Hadirnya ke dunia ini, tidak ingin hanya menjadi tua dan layu. Pohon Pisang ingin bisa memberi manfaat sebelum ajal mendatangi nya. Tak sekedar itu, ia pun mempersiapkan generasi penerusnya sebelum ia mati. Tunas – tunas muda yang tumbuh melanjutkan kemanfaatan pohon pisang, kepada siapa saja yg memetik buahnya, atau mengambil daun nya, atau memanfaatkan batang nya.. Itulah pohon pisang bagaimana dengan manusia? Makhluk yang Allah Ciptakan menjadi Pemimpin di muka bumi ini, yang Merupakan Makhluk Mulia. Diberikan-Nya Akal dan Hati, harus nya bisa berbuat lebih dari pohon pisang. Pertanyaan nya, mengapa terjadi sebaliknya??
Allah Sebaik-baik Pewaris (Khairil Waritsin)
Sadarkah diri kita bahwa kita telah memperoleh “Warisan” dari Allah Ta’ala di bumi ini??
“Dan Dia mewariskan kepada kamu tanah-tanah, rumah-rumah dan harta benda mereka, dan (begitu pula) tanah yang belum kamu injak . Dan adalah Allah Maha Kuasa terhadap segala sesuatu”. (AlAhzab[33]:27).
Tak hanya bumi, DIA pun mewariskan Langit utk kita, dan segala apa yang ada didalamnya… Tak hanya itu, DIA pun mewariskan kitab suci yang merupakan bentuk Kasih Sayang NYA pada Hamba Nya…
Karena DIA tak ingin hamba-Nya tersesat dalam beribadah kepadaNya.. Bahkan Allah memberikan bonus warisan yaitu syurga. “Itulah syurga yang akan Kami wariskan kepada hamba-hamba Kami yang selalu bertakwa” (Maryam[19]:63). Itulah Tuhan yang memiliki sifat Sebaik-baik Pewaris.
“Dan (ingatlah kisah) Zakaria, tatkala ia menyeru Tuhannya: Ya Tuhanku janganlah Engkau membiarkan aku hidup seorang diri dan Engkaulah Pewaris Yang Paling Baik”.(Al Anbiya’[21]:89
Yang Rasulullah SAW wariskan
Lalu, bagaimana dengan Kekasih Allah Rasulullah SAW? apa yg Beliau wariskan? Saat menjelang ajal, beliau tidak meninggalkan banyak harta kepada keluarga dan ummat nya, Masjid Nabawi pun adalah masjid sederhana pada saat itu.. Tak berdinding, berlantai tanah, dan beratap pelepah kurma…
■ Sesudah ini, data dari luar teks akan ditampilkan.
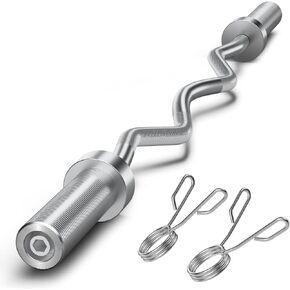 FEIERDUN Olympic Barbell EZ Curl Bar 47in/4ft/5ft/6ft/7ft for Weightlifting, Hip Thrusts, Squats and Lunges, Suitable for 2 inch Weight Plates,with 2 Spring Collars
Meski begitu, ternyata Rasulullah telah mewariskan “SESUATU” yg nilai nya lebih dari dunia dan seisinya. Apakah itu? Warisan itu adalah sistem dan tata nilai kehidupan yang paripurna (lengkap), yang terangkum dalam al-Qur’an dan Sunnahnya...
“Aku Tinggalkan untuk kalian DUA perkara.. Kalian tidak akan tersesat selama berpegang pada keduanya, yaitu Kitabullah (Qur’an) dan Sunnah Rasulullah”. (HR.Muslim)
Inilah warisan terbesar Rasulullah SAW, yang diterapkan oleh Muslimin saat itu, hingga beberapa generasi, dan menjadikan Bangsa Arab yang awalnya Jahiliyyah, tidak diperhitungkan, menjadi Bangsa yang besar dan dikagumi sekaligus menjadi pusat dunia. Tak ada satu imperium pun yang ada didunia ini sepanjang sejarahnya mampu mengalahkan sistem dan tata nilai yang diwariskan oleh Rasulullah SAW...
Apa yang kita wariskan?
Pepatah mengatakan, gajah mati meninggalkan gading, harimau mati meninggalkan belang, manusia mati meninggalkan namanya… Pertanyaan nya, apakah nama baik itu bisa didapat dengan gratis???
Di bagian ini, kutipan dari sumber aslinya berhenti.